CourtDistrict Court, D. New Jersey
DecidedMarch 12, 2020
Docket2:16-cv-09072
StatusUnknown

This text of HOUSER v. WILLIAMS (HOUSER v. WILLIAMS) is published on Counsel Stack Legal Research, covering District Court, D. New Jersey primary law. Counsel Stack provides free access to over 12 million legal documents including statutes, case law, regulations, and constitutions.

Bluebook
HOUSER v. WILLIAMS, (D.N.J. 2020).

Opinion

NOT FOR PUBLICATION UNITED STATES DISTRICT COURT DISTRICT OF NEW JERSEY

BRANDON HOUSER, : Civil Action No. 16-9072 (CCC) Plaintiff, : v. OPINION SERGEANT B. WILLIAMS, et al, Defendants.

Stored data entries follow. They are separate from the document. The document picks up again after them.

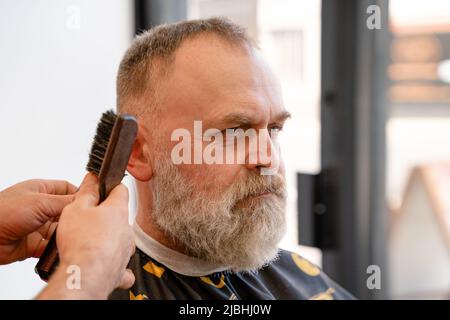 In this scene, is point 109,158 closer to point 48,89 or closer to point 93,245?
point 93,245

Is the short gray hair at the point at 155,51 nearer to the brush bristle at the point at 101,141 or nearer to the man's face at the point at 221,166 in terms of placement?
the man's face at the point at 221,166

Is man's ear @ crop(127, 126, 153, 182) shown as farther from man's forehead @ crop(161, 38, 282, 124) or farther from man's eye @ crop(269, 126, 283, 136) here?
man's eye @ crop(269, 126, 283, 136)

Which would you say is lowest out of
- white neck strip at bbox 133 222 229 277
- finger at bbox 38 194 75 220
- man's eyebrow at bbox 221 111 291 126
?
white neck strip at bbox 133 222 229 277

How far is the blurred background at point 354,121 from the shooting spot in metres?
2.18

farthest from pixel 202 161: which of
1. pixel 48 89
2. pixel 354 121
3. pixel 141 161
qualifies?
pixel 354 121

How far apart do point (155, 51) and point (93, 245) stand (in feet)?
2.06

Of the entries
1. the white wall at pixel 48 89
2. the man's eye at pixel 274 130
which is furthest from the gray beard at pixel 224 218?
the white wall at pixel 48 89

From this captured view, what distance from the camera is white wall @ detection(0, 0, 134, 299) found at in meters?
1.79

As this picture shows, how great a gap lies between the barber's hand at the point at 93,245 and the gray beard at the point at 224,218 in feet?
1.12

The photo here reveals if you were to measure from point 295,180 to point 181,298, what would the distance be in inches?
43.6

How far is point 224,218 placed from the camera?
4.52 ft

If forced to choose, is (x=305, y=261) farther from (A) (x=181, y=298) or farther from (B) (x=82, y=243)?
(B) (x=82, y=243)

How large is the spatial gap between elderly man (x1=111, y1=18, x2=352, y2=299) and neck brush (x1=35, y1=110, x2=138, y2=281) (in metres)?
0.21

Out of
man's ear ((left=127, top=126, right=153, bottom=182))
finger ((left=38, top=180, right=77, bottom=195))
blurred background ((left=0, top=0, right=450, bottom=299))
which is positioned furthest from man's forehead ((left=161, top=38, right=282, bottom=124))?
blurred background ((left=0, top=0, right=450, bottom=299)) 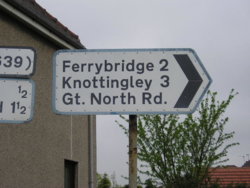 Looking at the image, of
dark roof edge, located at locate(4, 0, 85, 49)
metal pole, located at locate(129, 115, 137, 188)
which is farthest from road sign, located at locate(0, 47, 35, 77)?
dark roof edge, located at locate(4, 0, 85, 49)

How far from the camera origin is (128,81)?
3145 mm

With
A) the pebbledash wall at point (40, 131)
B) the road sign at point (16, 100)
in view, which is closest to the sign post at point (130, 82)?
the road sign at point (16, 100)

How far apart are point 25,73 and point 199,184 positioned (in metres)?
9.76

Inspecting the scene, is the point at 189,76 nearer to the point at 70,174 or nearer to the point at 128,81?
the point at 128,81

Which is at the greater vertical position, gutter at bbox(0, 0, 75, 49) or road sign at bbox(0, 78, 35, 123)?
gutter at bbox(0, 0, 75, 49)

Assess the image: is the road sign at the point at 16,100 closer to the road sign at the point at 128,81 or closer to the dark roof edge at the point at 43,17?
the road sign at the point at 128,81

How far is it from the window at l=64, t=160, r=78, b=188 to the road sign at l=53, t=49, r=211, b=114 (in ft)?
22.7

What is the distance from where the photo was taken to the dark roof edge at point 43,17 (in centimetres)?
750

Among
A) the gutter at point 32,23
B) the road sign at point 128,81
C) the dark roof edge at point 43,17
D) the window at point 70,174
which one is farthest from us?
the window at point 70,174

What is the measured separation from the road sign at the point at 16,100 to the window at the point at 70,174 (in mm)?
6814

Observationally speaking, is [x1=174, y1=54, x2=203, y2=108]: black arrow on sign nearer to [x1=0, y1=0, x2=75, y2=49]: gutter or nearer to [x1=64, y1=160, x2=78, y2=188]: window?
[x1=0, y1=0, x2=75, y2=49]: gutter

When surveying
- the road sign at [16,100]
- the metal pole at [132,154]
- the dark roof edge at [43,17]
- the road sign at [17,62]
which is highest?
the dark roof edge at [43,17]

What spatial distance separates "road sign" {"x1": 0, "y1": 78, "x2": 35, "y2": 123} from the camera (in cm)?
311

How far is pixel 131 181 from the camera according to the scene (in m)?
3.11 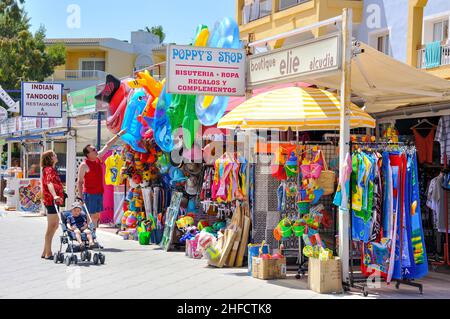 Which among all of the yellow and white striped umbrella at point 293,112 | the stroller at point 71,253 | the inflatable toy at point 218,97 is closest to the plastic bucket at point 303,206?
the yellow and white striped umbrella at point 293,112

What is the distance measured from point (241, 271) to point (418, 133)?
3.76 metres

CECCHI, District Judge: Currently before this Court is Sergeant B. Williams’s (“Defendant”) motion to dismiss Plaintiff's complaint (the “Motion”). ECF No. 33 Plaintiff opposed the Motion (ECF No. 36), to which Defendant replied (ECF No. 37). For the following reasons, this Court will grant the Motion and will dismiss Plaintiff's complaint (the “Complaint”) without prejudice for failure to comply with the service requirements of Rule 4(m) of the Federal Rules of Civil Procedure. I. BACKGROUND According to the Complaint, Plaintiff was allegedly assaulted on December 6, 2014 by Defendant and several John and Jane Doe officers. Although this Court did not receive the Complaint until December 7, 2016, the document is dated December 1, 2016 and is accompanied by a letter which states that, upon learning of the two year statute of limitations period applicable to his claims, Plaintiff hastily drafted the Complaint and gave it to prison officials be mailed on December 4, 2016. See ECF No. 1-2. After numerous delays and unsuccessful attempts, Plaintiff was granted in forma pauperis status by this Court on May 25, 2018. ECF No. 14. In the Order granting Plaintiff that status, this Court “extended” the “time to serve process under Fed. R. Civ.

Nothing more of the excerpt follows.